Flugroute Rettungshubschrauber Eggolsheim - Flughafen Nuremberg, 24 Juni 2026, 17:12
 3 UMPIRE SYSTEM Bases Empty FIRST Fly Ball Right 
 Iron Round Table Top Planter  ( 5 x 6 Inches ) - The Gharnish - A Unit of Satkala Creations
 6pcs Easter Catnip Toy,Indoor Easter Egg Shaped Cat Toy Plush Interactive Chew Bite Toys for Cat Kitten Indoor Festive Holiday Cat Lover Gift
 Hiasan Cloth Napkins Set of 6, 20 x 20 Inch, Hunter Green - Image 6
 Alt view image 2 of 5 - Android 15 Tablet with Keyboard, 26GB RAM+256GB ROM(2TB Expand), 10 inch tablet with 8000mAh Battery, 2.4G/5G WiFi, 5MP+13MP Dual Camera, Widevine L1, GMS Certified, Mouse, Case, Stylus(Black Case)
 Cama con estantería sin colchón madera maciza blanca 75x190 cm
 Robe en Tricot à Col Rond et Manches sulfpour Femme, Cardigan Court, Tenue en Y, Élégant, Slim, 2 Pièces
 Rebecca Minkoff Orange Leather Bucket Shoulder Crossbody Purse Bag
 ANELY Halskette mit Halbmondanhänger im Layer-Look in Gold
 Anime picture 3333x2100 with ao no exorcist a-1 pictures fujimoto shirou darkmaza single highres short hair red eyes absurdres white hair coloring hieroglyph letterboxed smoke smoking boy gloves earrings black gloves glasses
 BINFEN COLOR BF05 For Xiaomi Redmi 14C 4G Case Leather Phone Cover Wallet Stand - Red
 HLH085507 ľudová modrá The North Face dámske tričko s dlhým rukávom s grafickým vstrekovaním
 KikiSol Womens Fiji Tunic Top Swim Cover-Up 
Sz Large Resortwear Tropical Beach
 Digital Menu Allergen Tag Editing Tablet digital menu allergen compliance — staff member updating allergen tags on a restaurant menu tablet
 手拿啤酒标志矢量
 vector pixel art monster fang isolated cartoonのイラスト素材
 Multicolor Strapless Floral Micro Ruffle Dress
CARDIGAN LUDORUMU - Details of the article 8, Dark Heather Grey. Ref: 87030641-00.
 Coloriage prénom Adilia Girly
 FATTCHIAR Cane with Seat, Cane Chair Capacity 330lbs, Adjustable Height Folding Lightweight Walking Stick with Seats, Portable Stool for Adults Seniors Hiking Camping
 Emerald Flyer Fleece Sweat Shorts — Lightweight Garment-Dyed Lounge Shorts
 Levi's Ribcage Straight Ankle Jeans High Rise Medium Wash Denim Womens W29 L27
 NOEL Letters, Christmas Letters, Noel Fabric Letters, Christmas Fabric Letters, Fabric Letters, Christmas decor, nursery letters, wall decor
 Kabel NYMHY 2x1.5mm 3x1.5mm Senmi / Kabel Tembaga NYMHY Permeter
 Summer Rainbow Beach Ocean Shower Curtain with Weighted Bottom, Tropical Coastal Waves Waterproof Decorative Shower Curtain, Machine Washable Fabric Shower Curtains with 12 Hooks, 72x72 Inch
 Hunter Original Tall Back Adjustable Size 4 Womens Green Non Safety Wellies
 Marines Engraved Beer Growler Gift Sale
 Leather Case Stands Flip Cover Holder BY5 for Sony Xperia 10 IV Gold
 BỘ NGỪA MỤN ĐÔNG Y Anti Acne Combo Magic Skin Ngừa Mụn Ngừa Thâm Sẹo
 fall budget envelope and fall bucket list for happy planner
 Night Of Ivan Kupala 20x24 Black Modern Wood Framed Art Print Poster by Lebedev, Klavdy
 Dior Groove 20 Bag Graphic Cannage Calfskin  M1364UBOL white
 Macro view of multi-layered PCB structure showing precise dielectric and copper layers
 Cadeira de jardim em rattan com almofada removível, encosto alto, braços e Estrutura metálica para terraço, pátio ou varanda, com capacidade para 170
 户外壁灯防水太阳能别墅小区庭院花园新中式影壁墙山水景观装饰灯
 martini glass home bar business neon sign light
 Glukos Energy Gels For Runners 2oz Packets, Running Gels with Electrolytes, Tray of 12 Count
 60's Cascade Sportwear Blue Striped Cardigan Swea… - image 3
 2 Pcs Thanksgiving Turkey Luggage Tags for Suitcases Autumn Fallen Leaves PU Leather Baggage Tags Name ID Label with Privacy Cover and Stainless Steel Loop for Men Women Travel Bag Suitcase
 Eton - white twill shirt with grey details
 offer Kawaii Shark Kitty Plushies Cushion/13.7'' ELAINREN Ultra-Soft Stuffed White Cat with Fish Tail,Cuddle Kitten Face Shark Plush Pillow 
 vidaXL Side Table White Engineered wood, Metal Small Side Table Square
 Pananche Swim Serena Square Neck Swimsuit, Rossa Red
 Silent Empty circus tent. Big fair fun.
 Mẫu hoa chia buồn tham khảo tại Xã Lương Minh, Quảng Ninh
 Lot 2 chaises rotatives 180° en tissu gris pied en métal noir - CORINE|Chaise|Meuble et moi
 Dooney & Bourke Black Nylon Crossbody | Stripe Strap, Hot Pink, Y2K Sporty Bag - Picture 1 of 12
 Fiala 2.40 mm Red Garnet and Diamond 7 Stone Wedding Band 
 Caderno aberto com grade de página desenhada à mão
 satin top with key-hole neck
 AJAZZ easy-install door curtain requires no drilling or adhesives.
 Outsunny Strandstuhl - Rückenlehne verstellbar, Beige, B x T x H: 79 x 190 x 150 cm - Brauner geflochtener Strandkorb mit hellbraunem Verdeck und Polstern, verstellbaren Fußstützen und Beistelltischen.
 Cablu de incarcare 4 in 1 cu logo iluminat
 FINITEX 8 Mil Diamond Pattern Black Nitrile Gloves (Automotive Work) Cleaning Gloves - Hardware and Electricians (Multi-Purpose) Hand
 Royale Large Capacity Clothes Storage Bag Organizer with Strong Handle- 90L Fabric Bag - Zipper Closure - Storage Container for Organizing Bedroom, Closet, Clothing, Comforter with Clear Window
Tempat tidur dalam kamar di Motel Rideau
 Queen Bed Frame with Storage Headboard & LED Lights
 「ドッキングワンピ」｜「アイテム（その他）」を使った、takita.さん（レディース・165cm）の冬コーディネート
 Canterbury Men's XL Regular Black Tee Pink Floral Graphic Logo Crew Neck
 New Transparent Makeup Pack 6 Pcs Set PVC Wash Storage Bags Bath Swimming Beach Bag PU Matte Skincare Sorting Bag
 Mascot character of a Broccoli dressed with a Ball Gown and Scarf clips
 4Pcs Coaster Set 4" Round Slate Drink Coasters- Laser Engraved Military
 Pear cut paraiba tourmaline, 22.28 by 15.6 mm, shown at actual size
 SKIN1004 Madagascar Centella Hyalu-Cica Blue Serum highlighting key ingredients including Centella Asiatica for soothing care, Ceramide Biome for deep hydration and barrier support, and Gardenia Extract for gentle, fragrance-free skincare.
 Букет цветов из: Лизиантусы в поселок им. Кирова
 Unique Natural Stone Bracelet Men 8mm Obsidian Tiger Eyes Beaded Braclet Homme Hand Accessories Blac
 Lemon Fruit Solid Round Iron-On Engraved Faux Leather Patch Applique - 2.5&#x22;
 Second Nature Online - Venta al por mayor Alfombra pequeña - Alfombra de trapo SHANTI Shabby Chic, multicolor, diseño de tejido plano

● **Exercise aim**: Return every line of the preceding records in which the word "Stone" appears.

● **Answer area**:
 Fiala 2.40 mm Red Garnet and Diamond 7 Stone Wedding Band 
 Unique Natural Stone Bracelet Men 8mm Obsidian Tiger Eyes Beaded Braclet Homme Hand Accessories Blac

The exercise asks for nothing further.